COLLECTED DATA:
----
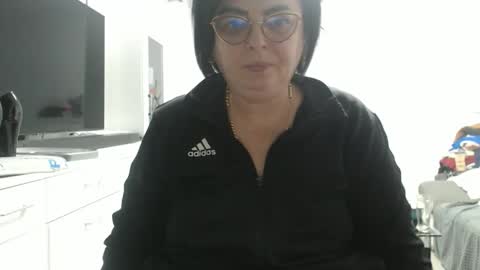 Anda online show from 11/16/25, 10:37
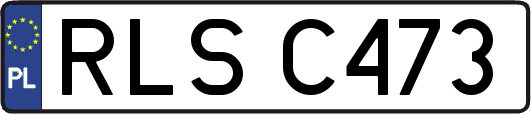 RLSC473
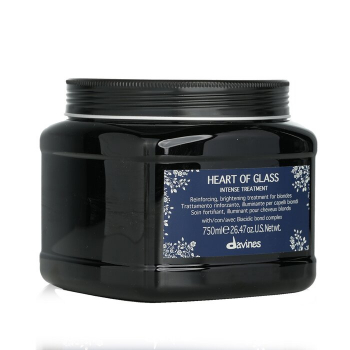 Davines Davines Heart Of Glass Intense Treatment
----
EXERCISE PROMPT: Retype the data above as given, letting no picture into the copy.

EXERCISE RESPONSE:
 Anda online show from 11/16/25, 10:37
 RLSC473
 Davines Davines Heart Of Glass Intense Treatment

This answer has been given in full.